In the interim, though, their set-up has undergone a lot of changes. Then head coach Matthew Mott moved on to the same role with England men in 2022. Shelley Nitschke, the assistant to Mott, was handed the reins. Meg Lanning, who had an enviable record since being appointed captain at 21, announced her retirement from international cricket this October. Healy was handed the full-time captaincy ahead of the India tour with Tahlia McGrath her deputy.

Australia were playing a Test in India for the first time in close to 40 years. They landed in the city last week and underwent training even as India played a Test in Navi Mumbai against England. Last Sunday, they also had a one-day game with the red-ball against a Mumbai XI. Yet, they couldn't avert defeat in the Test match with India completing the final rites in an hour after lunch on the fourth day.

"There is no real time to learn, adapt and find a style of play," she said. "It was a tough ask but I am really proud of our group and the fight we showed.

"Standing there at the [presentation], when Anjum [Chopra, former India captain] asked me a question, I said yup, imagine playing two more of these. That would be an unbelievable experience for our group and probably a true test of both side's abilities. In a one-off Test [with] India playing in their home conditions, you'd expect them to be heavy favourites. We'd love to see more and more, and it would create a real contest in three games."

Australia played the Ashes Test in Nottingham in June, where the conditions were different. After the Mumbai Test, their next game in the longest format is at home against South Africa early next year. Healy, while fully aware of the packed international calendar, said that it was a tough ask of a team to adapt and win across conditions in a format they play very little of. No team in the world has a multi-day competition for women in the domestic circuit.

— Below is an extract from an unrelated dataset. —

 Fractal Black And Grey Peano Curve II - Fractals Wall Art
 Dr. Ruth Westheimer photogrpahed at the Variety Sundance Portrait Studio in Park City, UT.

"We are going to play three Tests over the space of nine months in three very, very different conditions," she said. "That is probably a big ask for a side to come out and play the way they want to. You think about the way that you want to play but sometimes it doesn't come to fruition because of the conditions that we are not used to.

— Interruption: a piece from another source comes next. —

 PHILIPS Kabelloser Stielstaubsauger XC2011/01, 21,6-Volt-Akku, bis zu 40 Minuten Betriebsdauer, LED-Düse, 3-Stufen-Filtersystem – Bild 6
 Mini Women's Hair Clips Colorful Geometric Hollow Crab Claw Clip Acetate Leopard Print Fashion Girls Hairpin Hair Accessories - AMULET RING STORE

"I can happily sit here and say, yes sir, I'd love to play more Test cricket. It's the reality of what that looks like and how we would make that happen knowing that we are white-ball dominant. We have World Cups seemingly every year in the white-ball formats and how would that all fit in and take place when there's only three-four teams playing [Test cricket]."

The Test against India was Healy's second as a captain. She led Australia in the Ashes with Lanning away on a break. She admitted she was coming to grips with captaincy in the longest format.

"I am still coming to grips with it," she said. "I have played just seven Tests. You wouldn't see too many captains sitting here that have played those little test matches in the men's game. For all of us, we are still learning about the game. But in saying that, it is the simplest version of the game and it is a combination of the other cricket we have played. There are parts we can take from the one-day game that we can put in the Test match arena."

When India had toured Australia in 2021 for a multi-format tour including the pink-ball Test, points were at stake throughout the series. A Test match was followed by three ODIs and T20Is each with four points for a Test win and two for each white-ball win. Australia won the ODI and T20I series and the day-night Test was drawn, which meant they took home the multi-format trophy. But the current tour does not have points at stake. As a result, Healy said that the result "feels meaningless to a sense".

"It is a bit easier to move on [from the loss]," she said. "I sit here disappointed that we couldn't win the Test match. When we were not playing for points, or series points, or for a [specific] trophy, it does make it a little bit of novelty because you just heard me ten minutes ago say that I want to play more Test cricket. The fact that it sort of feels meaningless to a sense feels disappointing to me."